Если в 60-е гг. прошлого века возникают различные контркультурные и анти-модернистские движения, которые принимают характер глобального сопротивления гегемонии модернистской культуры, то начало нынешнего века характеризуется соседством самых разных культурных форм, не вступающих в отношения оппозиции. С другой стороны, в этом казалось бы аморфном и фрагментарном пространстве в отдельных его сегментах продолжают торжествовать традиционные бинаризмы, что особенно заметно в популярной культуре. Бинаризм и иерархия, характерные для традиционной культурной рефлексии, уступают место в постмодернизме и пострукту-рализме понятию множественности, не основанной ни на каком единстве.
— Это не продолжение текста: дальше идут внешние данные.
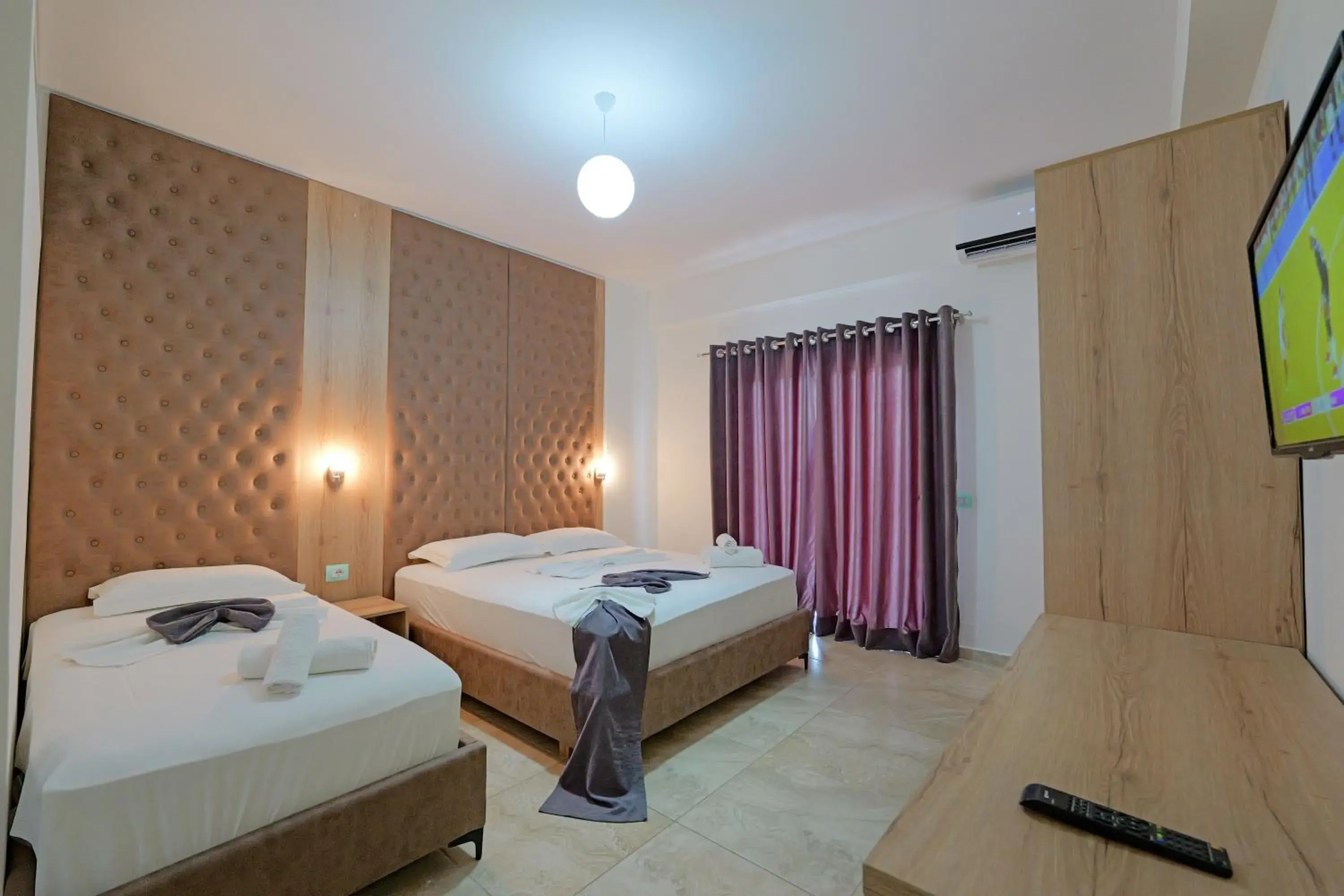 Triple Room with Garden View in Hotel Esmerald Ksamil Triple Room with Garden View in Hotel Esmerald Ksamil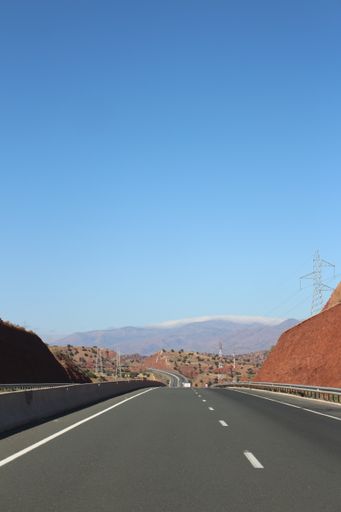 A vertical shot of a curvy road going through a dry landscape under a clear sky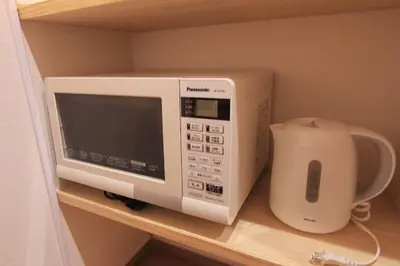 a microwave sitting on a shelf in a kitchen at NY Stage \u65b0\u5bbf in Tokyo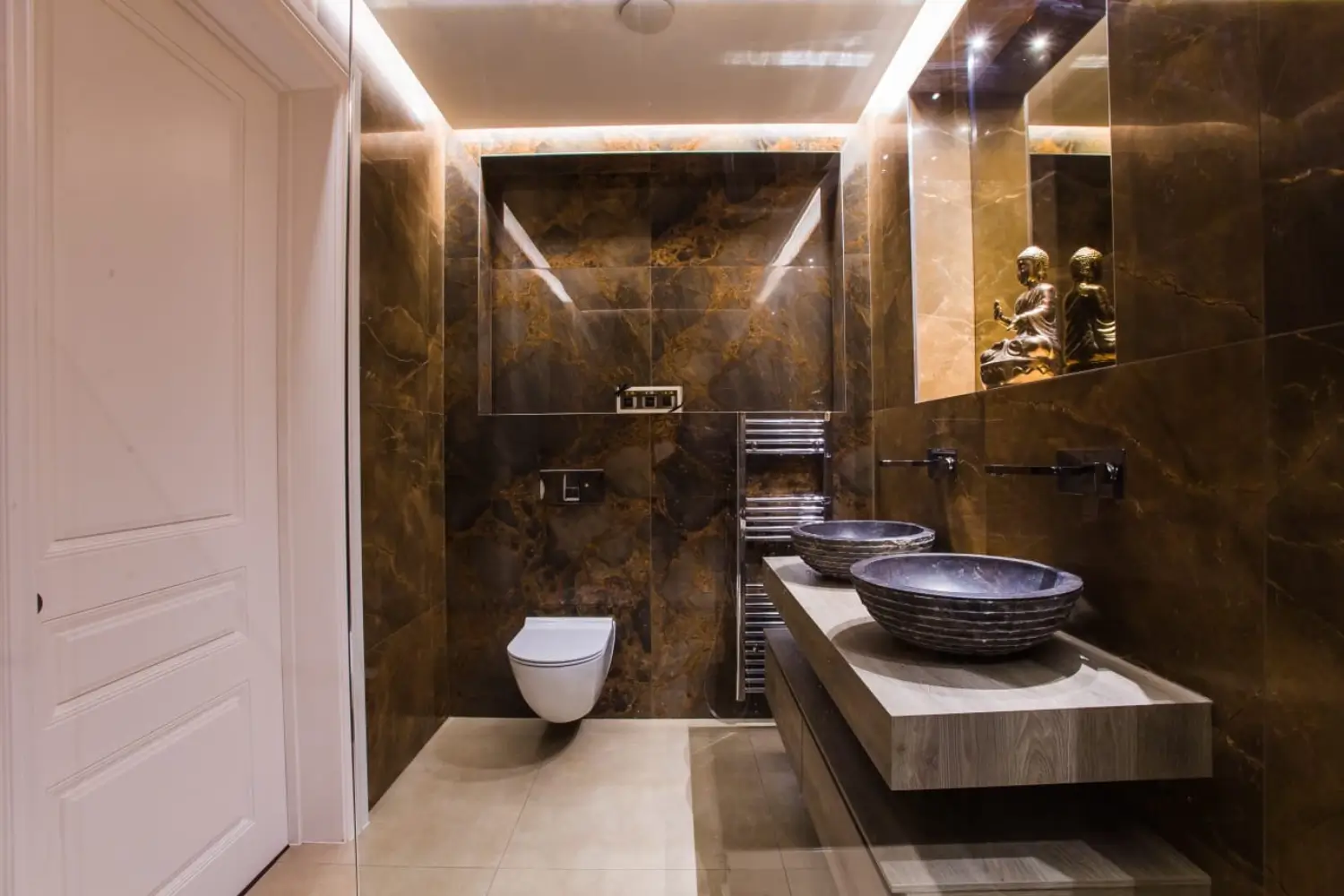 Luxurious bathroom with dark marble walls, modern floating vanity with twin vessel sinks, wall-mounted taps, heated towel rail, and decorative Buddha statues, designed by Rajvar Technologies.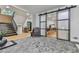 Elegant entryway featuring a stone floor, sliding glass doors, and staircase to the upper level at 120 Huntcliff Pt, Atlanta, GA 30350
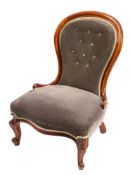 A Victorian walnut and velvet button upholstered nursing chair,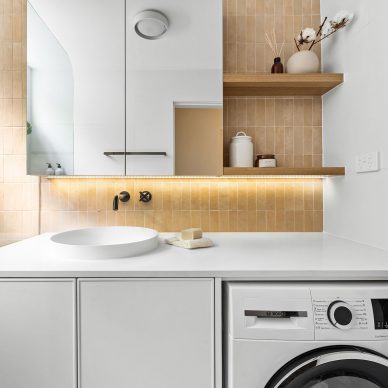 Small Bathroom and Laundry Space South Yarra Terracotta Tile Vertical Stack Tile Pattern Shaving Cabinet Brushed Gunmetal Fixtures and Fittings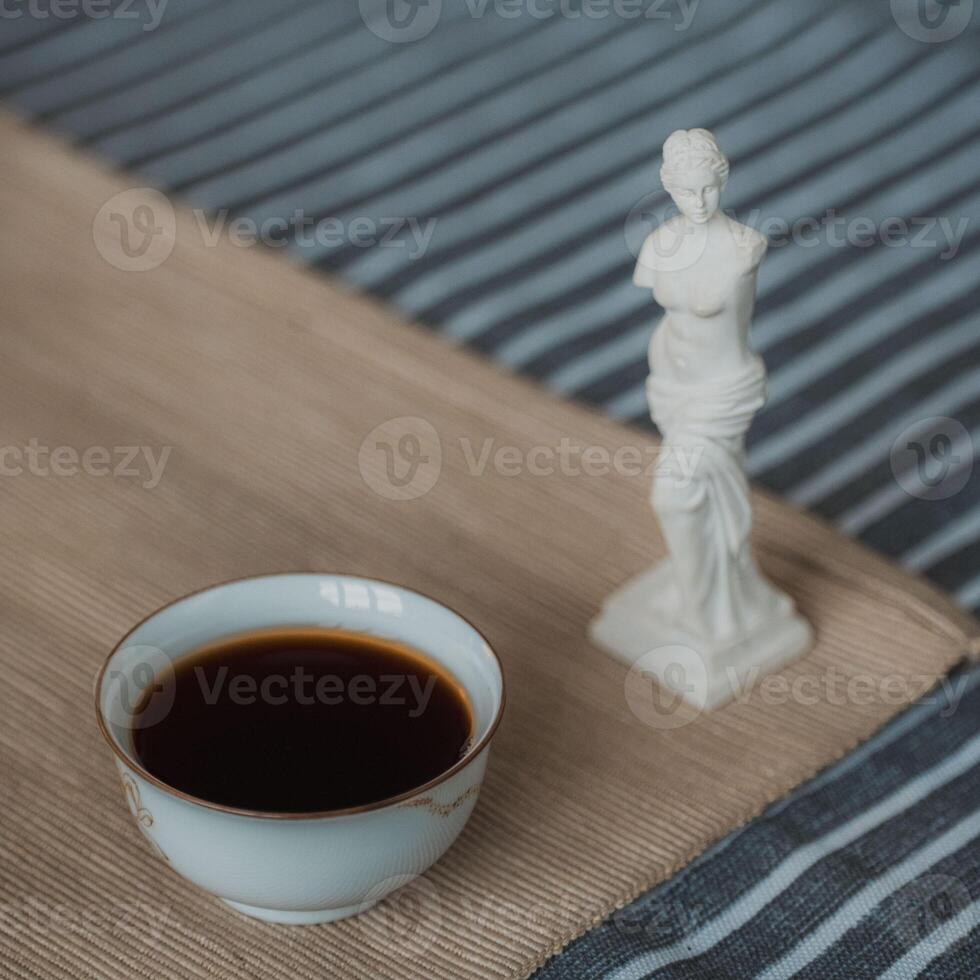 A Thoughtful Composition of Delicious Coffee and a Beautiful Statue in Still Life photo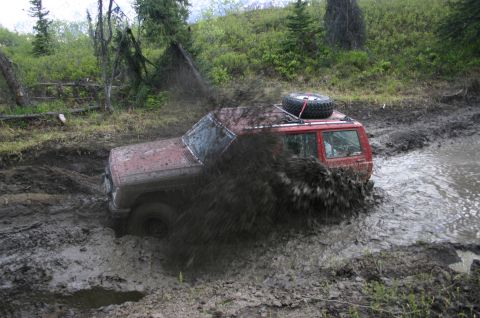 2003 Jeep TJ - A red 2003 Jeep TJ Wrangler navigates a muddy trail, kicking up a large spray.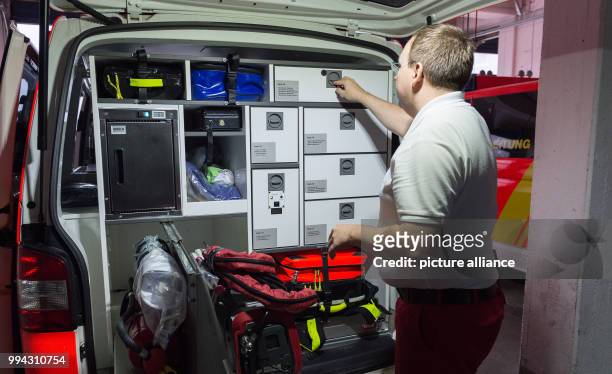 An emergency doctor checks an ambulance at the Feuer- und Rettungswache 3 in Hanover, Germany, 11 August 2017. Photo: Silas Stein/dpa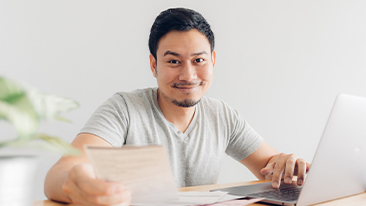 Image of an adult writing on a whiteboard or writing on a notebook with a calculator at the side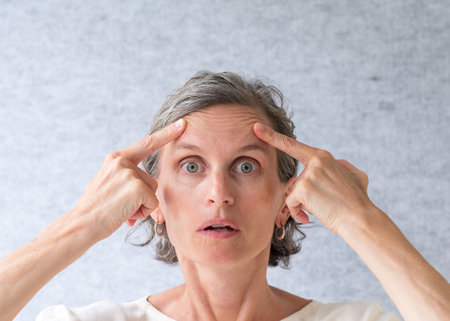 Middle aged woman with grey hair holding up wrinkles above eyes (selective focus)
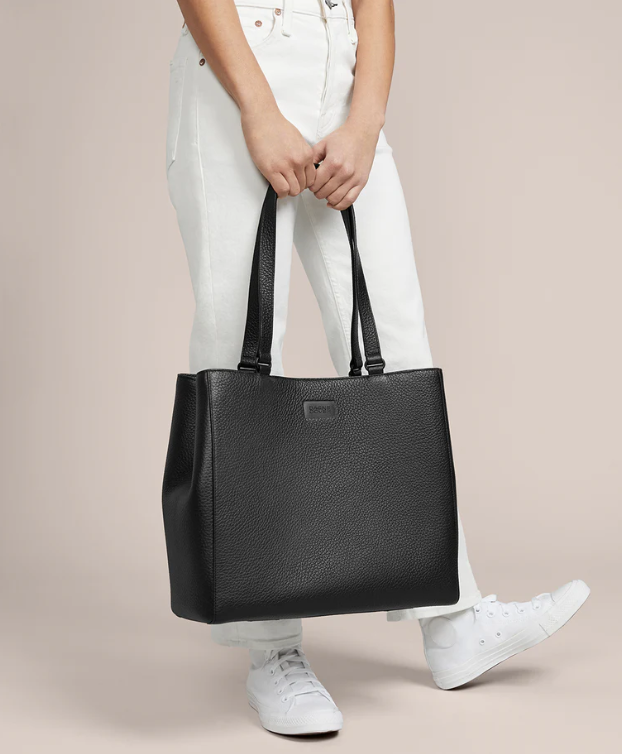 A lady taking a black dagne dover allyn tote bag in his hand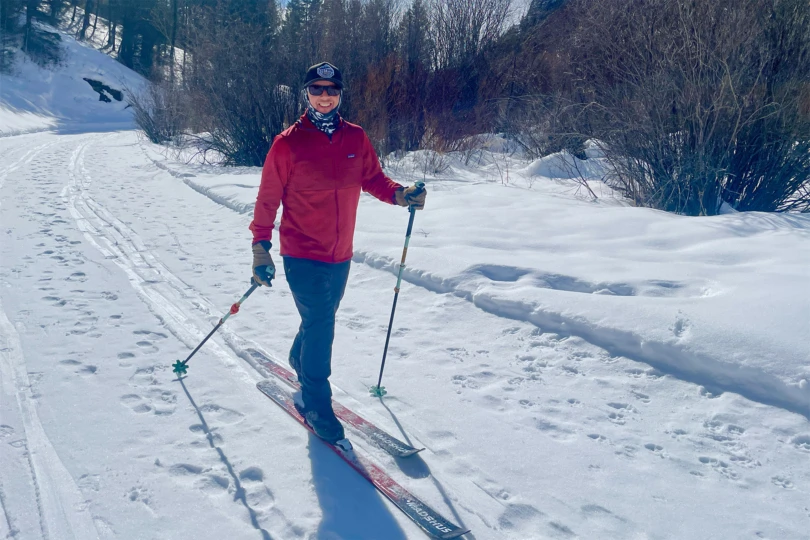 Cross-country skiing on a sunny winter day in red fleece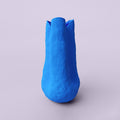 Tall Matte Blue Porcelain Vase photographed on a bone white surface in soft natural light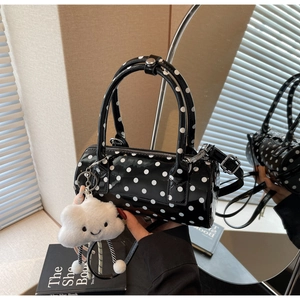 Close-up of black polka dot cylinder bag with glossy finish and plush cloud charm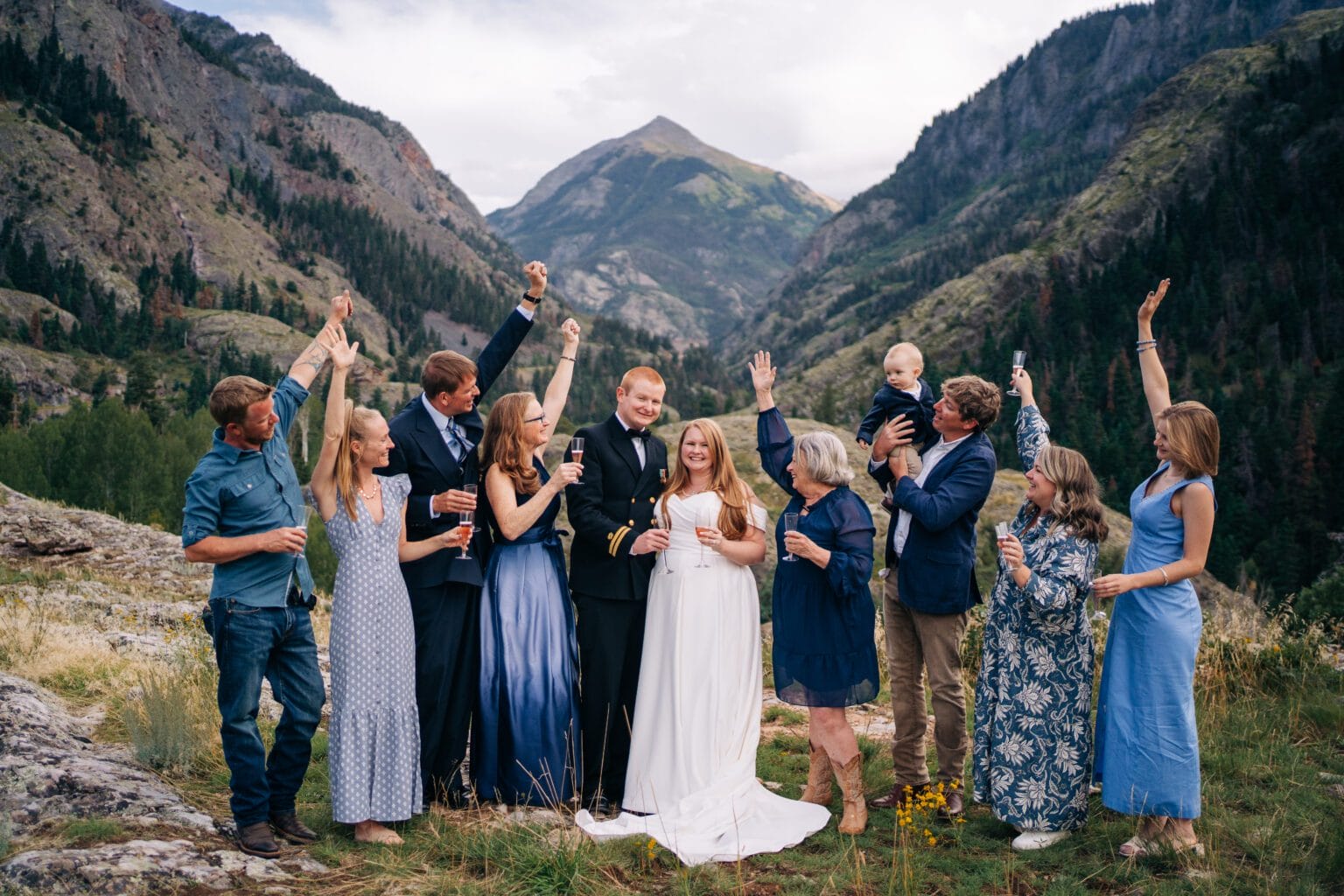 A wedding party celebrates outdoors in a mountain valley. The bride and groom stand in the center, surrounded by smiling family and friends with raised arms, with lush mountains in the background.
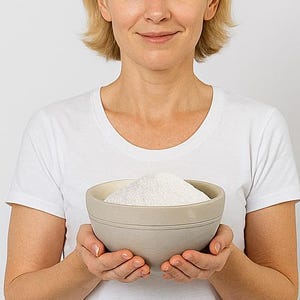 May include: A light gray ceramic bowl filled with a large quantity of white powder. The bowl is held by a person wearing a white t-shirt. The background is a plain white.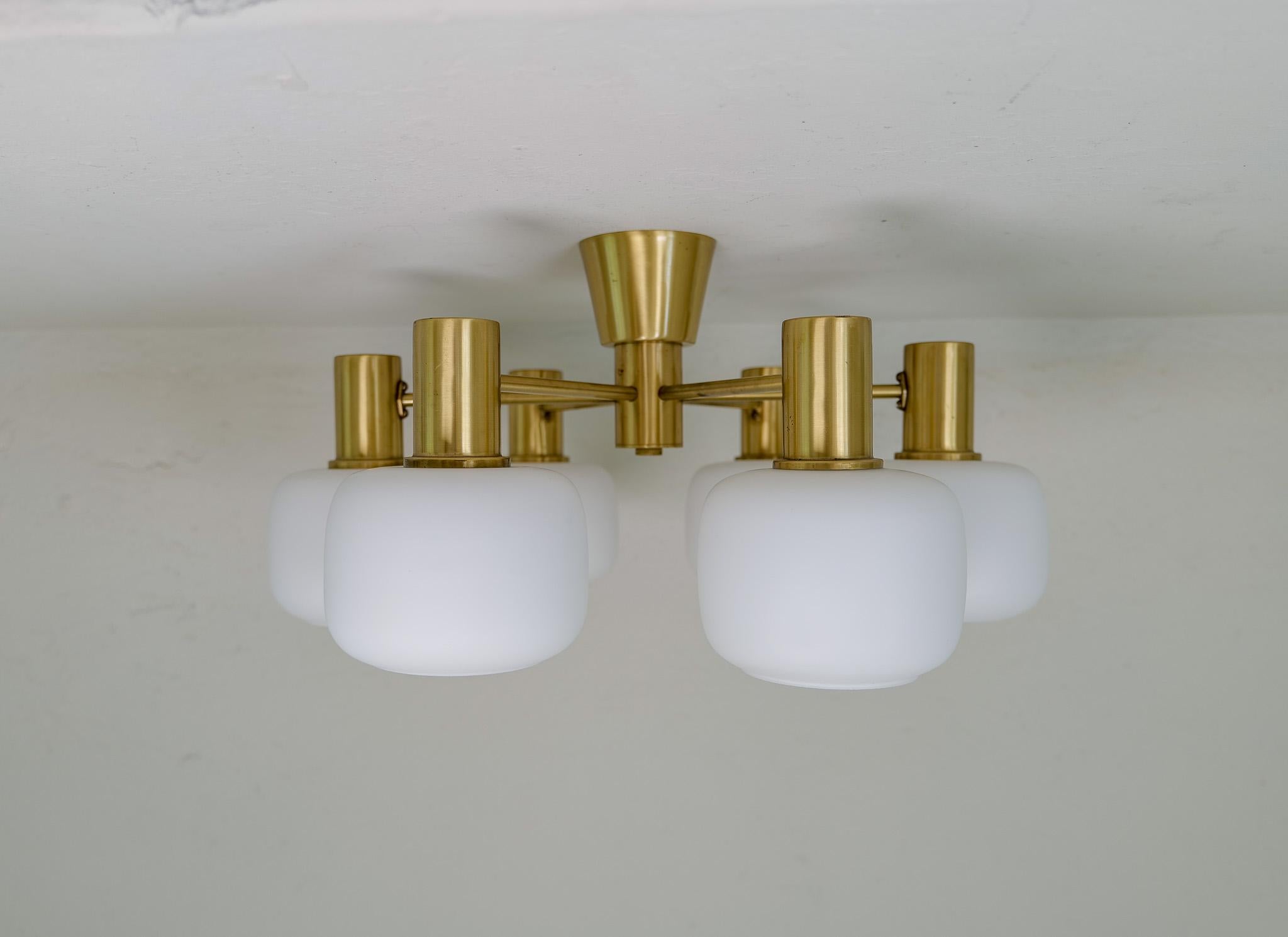 This ceiling fixture was produced by ASEA, Sweden, 1940-1950s. The opaline glass shaped this way gives a great impression and is unusual to find. 

Good vintage condition with marks on the brass and some on the glass. 

Dimension: Height 31 cm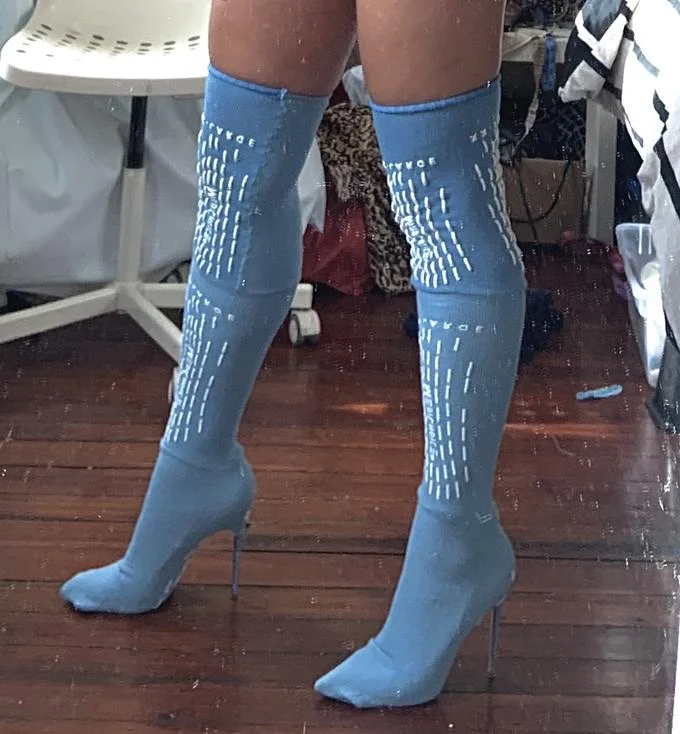 A fashion remix of the meme in which blue psych ward grippy socks have been turned into thigh-high stiletto boots.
Образно это выражено в термине «ризома» Хотя дискурс постмодернизма был полон идеями о растворении традиционных бинаризмов в «посткультурном» пространстве, они продолжают заявлять о себе настойчиво и находят поддержку в массовом сознании.

В постмодернистской культуре происходят значительные изменения в культурной практике и дискурсивных формациях, которые отличают постмодернистское понимание культуры как от модернистского, так и классического. Унифицирующие идеи модернизма постепенно уступали постмодернистскому плюрализму стилей и включению фрагментов из различных стилей, эпох и культур. Особенно характерно в этом отношении ризоматическое движение. В результате видения мира как ризомы исчезает универсализм, теряют смысл бинарные оппозиции, столь важные для структурализма. Но мы уже показали возвращение бинарных оппозиций в пост-постмодернистские культурные практики. Означает ли это, что и теоретический дискурс должен вернуться к терминологии структурализма, во всяком случае, при рассмотрении тех культурных пространств, которые наиболее подвержены бинарной логике? Анализируя в этой книге тексты, взятые из разных областей современной культуры, мы приходим к выводу о том, что бинарные оппозиции находятся в динамическом состоянии, постоянно распадаясь и, в то же время, восстанавливаясь или образуя новые оппозиции, соответствующие быстро меняющемуся контексту. Для понимания процесса распада традиционных бинаризмов обратимся к некоторым процессам, подробно описанным в теории постмодернизма.

Наиболее значительным влияние постмодернизма на культурные практики и культурологический дискурс оказалось в постмодернистской процедуре децентрации. В области культуры децентрация означает отказ от этноцентризма в пользу плюральности и равноправия культур. Наиболее освободительным и привлекательным аспектом постмодернистского мышления является его внимание к Другому. В то время как «просвещенный» модернизм говорил от лица «других» (колониальных народов, этнических меньшинств, религиозных групп, женщин), в постмодернизме подчеркивается «многоголосие» различных культурных миров, существующих в децентрированном культурном пространстве. Наиболее драматично процесс децентрации проходит по отношению к человеку, что связано с кризисом личностного начала. Отказавшись от понятия «центр», постмодернизм фрагментировал и человека, сделав его нетождественным самому себе. Особенно ярко выражен этот процесс в литературе, где уже в 1968 г. Р. Бартом был провозглашен тезис о «смерти автора», послуживший исходным пунктом для уничтожения «центральной» фигуры автора, субъекта как такового в постмодернистских литературных текстах. В наши дни этот процесс соответствует фрагментации культуры и трансформации модели цельной личности в модель множественной идентичности. Это не может не влиять и на исследования культуры, где множественная идентичность становится источником сложно сплетенных нарративов, где интертекстуальность становится уже не изнанкой, а лицом текста, о чем мы упоминали выше.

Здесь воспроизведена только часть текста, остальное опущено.